State the appropriate conclusion for the given information.

Answer to Problem 46E

The conclusion is that there is no convincing evidence that the mean diameter of ball bearings of a particular type is different from 0.5.

Explanation of Solution

The given information states the sample of 13 ball bearings.
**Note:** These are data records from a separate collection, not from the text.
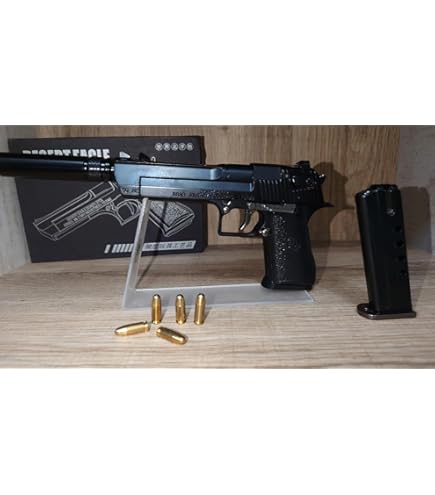 Amazon | 1/2スケール ミニチュアガン M1911 ガバメント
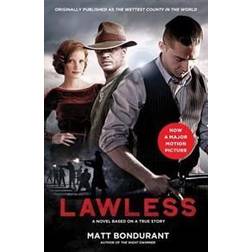 Lawless: A Novel Based on a True Story (Häftad, 2012)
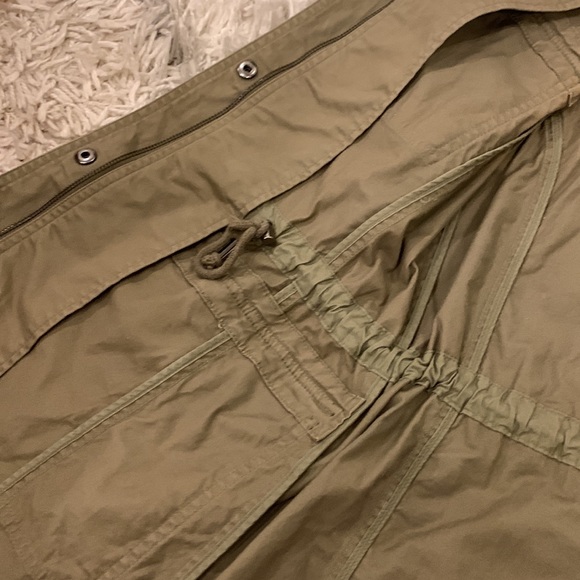 Banana Republic Utility Vest S - Picture 8 of 9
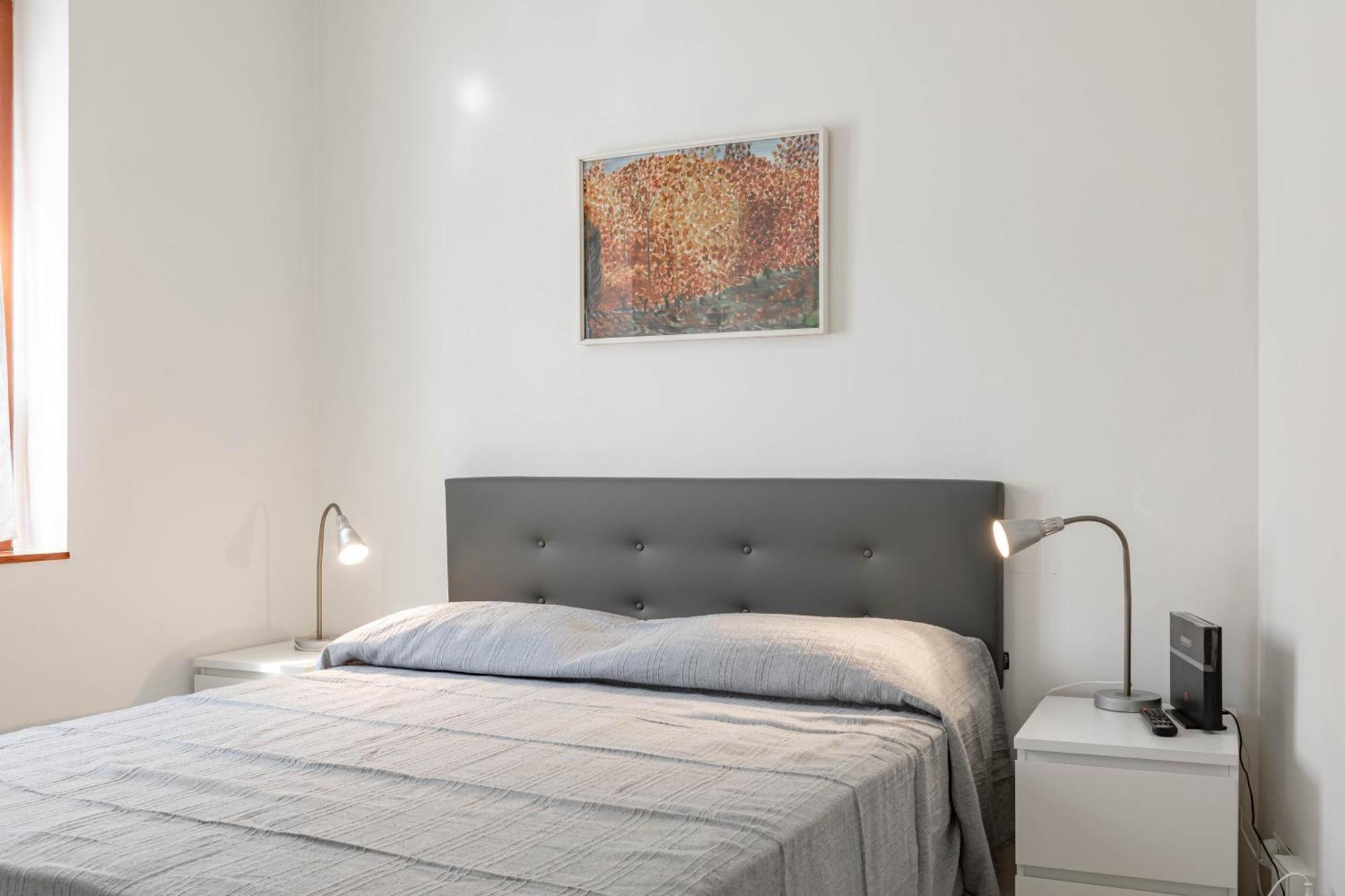 H11 Casa Tecla Centro-Mare Apartment Sanremo Luaran gambar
It is also known that the test statistic is $t\text{ = }-\text{3}\text{.6}$.

Here, the significance level $\alpha$ is not known.

Assume that the significance level is $\alpha =0.05$.

Here, the direction of the test is two-tailed.

Degrees of freedom:

$\begin{array}{c}df=n-1\\ =25-1\\ =24\end{array}$

P-value:

Software procedure:

Step-by-step procedure to obtain the P-value using the MINITAB software:

• Choose Graph > Probability Distribution Plot > choose View Probability> OK.
• From Distribution, choose t.
• Enter df as 24.
• Choose X value and Both Tail for the region of the curve to shade.
• Enter the X value as –3.6.
• Click OK.

Output obtained using the MINITAB software is given below:

From the output, the P-value of the one-tailed test is 0.0007.

The P-value of the test statistic is obtained as follows:

$\begin{array}{c}P\text{-value}=2\times P\left(t<-3.6\right)\\ =2\times 0.0007\\ =0.0014\end{array}$

Decision rule:

• If $P\text{-value}\le \text{Significance level}$, then reject the null hypothesis $H_0$.
• If $P\text{-value}>\text{Significance level}$, then fail to reject the null hypothesis $H_0$.

Here, the $P\text{-value}$ 0.0014 is less than the significance level 0.05.

That is, $P\text{-value}\left(=0.0014\right)<\text{Significance level}\left(=0.05\right)$.

The decision is that the null hypothesis is rejected at 0.05 significance level.

Therefore, there is convincing evidence that the mean diameter of ball bearings of a particular type is different from 0.5.